Werden Überweisungen nach Großbritannien künftig schwieriger?
Wojtal: Bei einem Brexit ohne Abkommen vermutlich wirklich. Das Vereinigte Königreich arbeitet derzeit mit dem Euro-Zahlungsraum SEPA zusammen. Inwiefern es Teil des SEPA-Raumes bleibt, lässt sich nicht absehen. Von einer günstigen SEPA-Überweisung profitieren Bankkunden aber schon jetzt nur, wenn Ausgangs- und Empfängerkonto in Euro geführt werden. Sonst fallen Wechselgebühren zum Tageskurs an. Da die Gebühren stark schwanken, lohnt es sich, vorher Informationen von der Bank einzuholen.
Frage: Was ändert sich für Verbraucher mit britischer Versicherung?
Wojtal: Vor allem Lebensversicherungen britischer Anbieter waren lange steuerlich attraktiv. Für Kunden sollte das Thema aber mittlerweile geklärt sein: Die meisten Unternehmen haben Tochterunternehmen oder Niederlassungen in Luxemburg, Deutschland oder Frankreich gegründet.

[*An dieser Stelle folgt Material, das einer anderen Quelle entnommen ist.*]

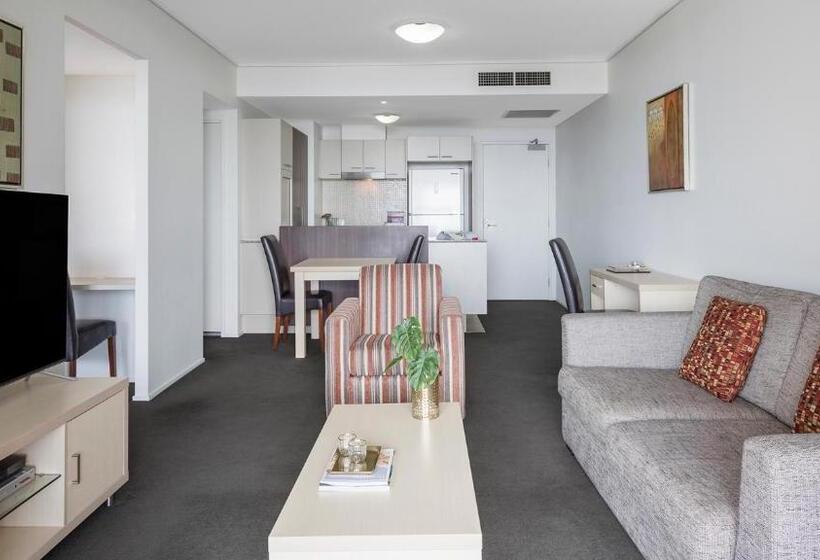 2 Bedrooms Apartment River View, Oaks Brisbane Aurora Suites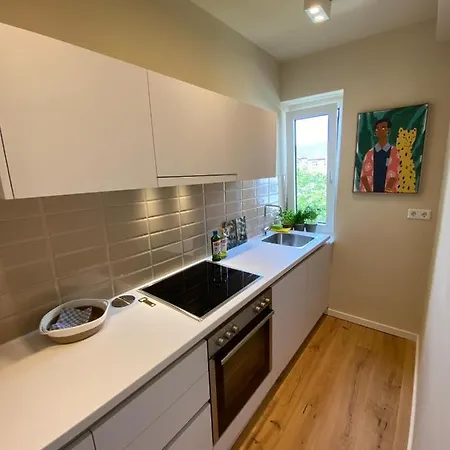 Himmelbett-studio über Düsseldorf, Neu Apartment *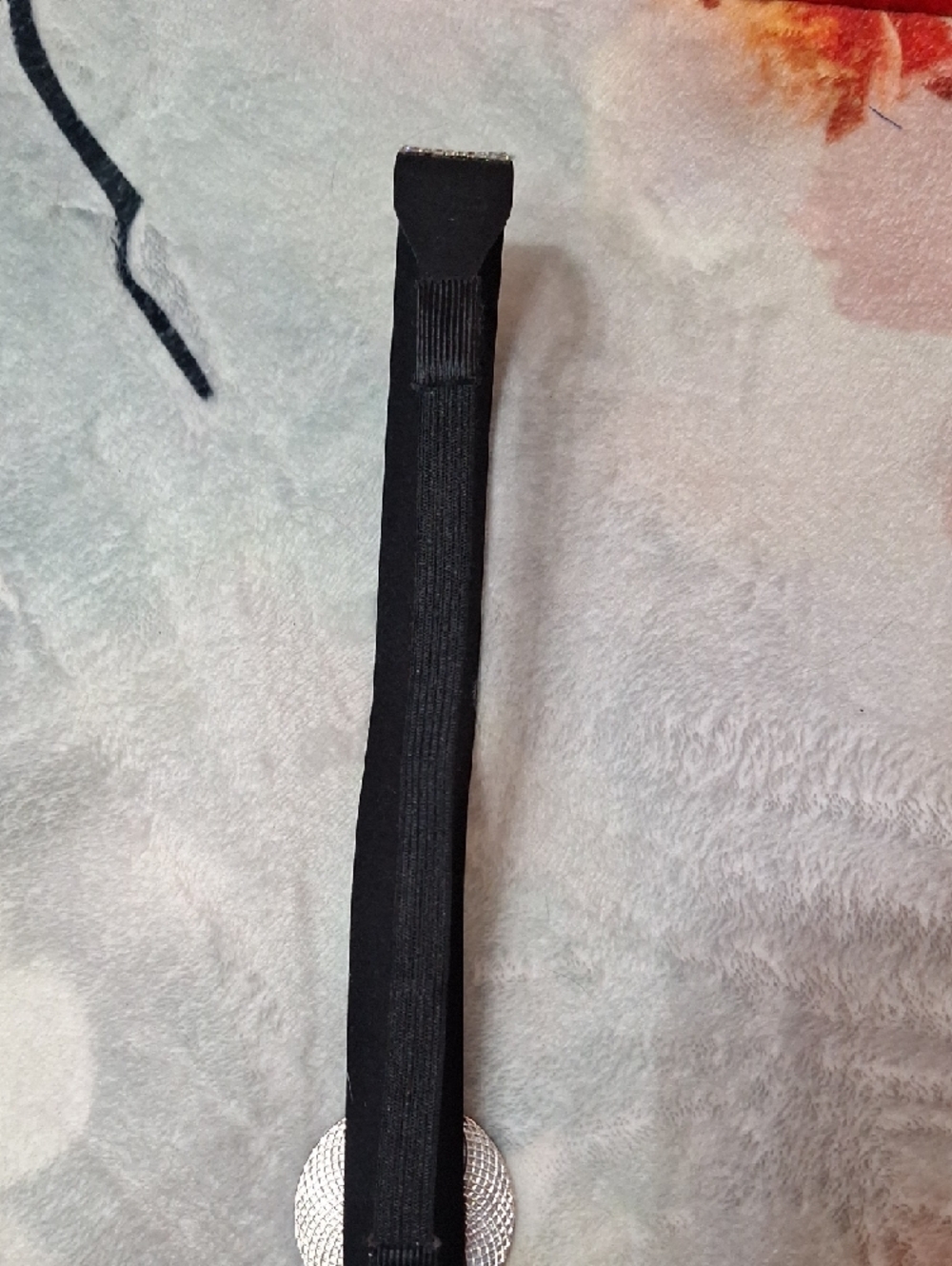 Upcycled Rhinstone Headband. - Picture 4 of 4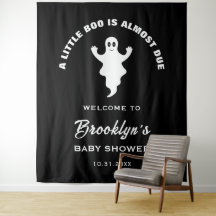 Ein kleiner Boo ist fast passend für eine Babydusc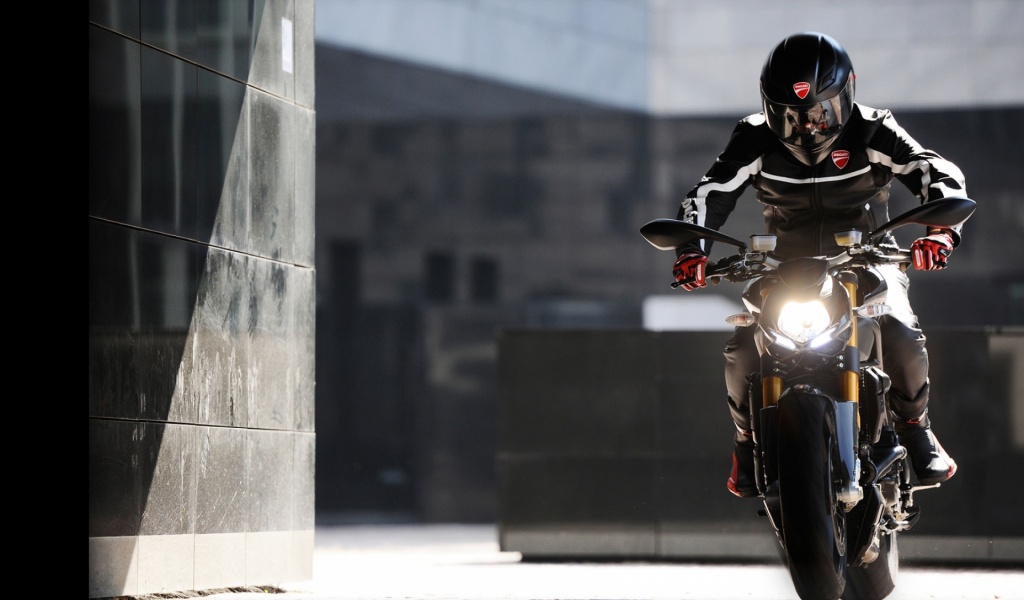 Ducati Motorbikes Ducati Streetfighter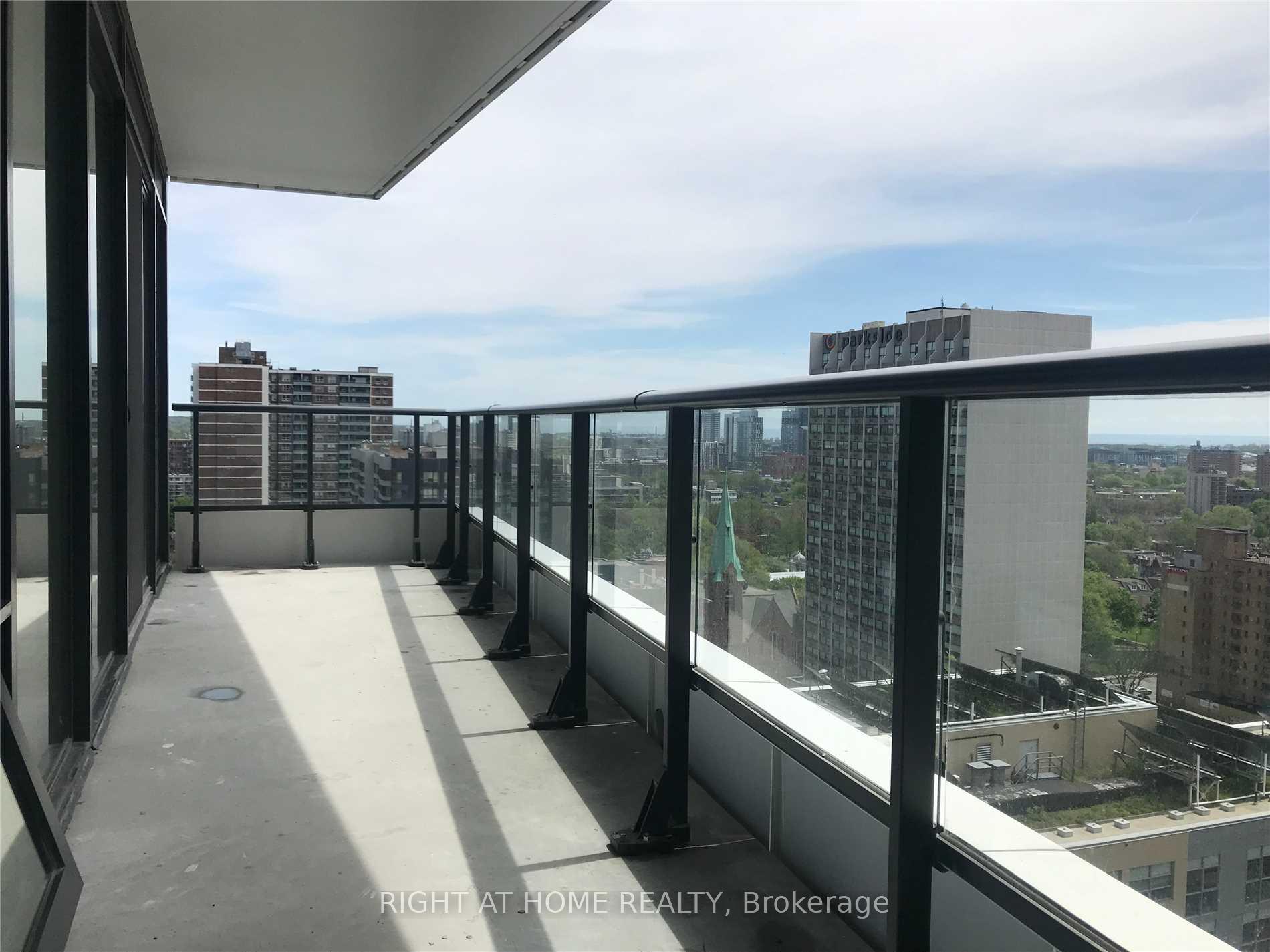 2 Bedrooms Condo at 85 Wood, Toronto For sale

Betroffene Kunden wurden schon bald nach Bekanntwerden der Brexit-Pläne darüber informiert, dass der Vertrag unverändert auf diese Unternehmen übergeht. Wer noch nicht informiert wurde, sollte schriftlich anfragen, welche Maßnahmen der Versicherer ergriffen hat.
ZUR PERSON: Karolina Wojtal ist Juristin und Projektleiterin mit dem Schwerpunkt Versicherungen und Finanzen beim Europäischen Verbraucherzentrum Deutschland (EVZ) mit Sitz in Kehl.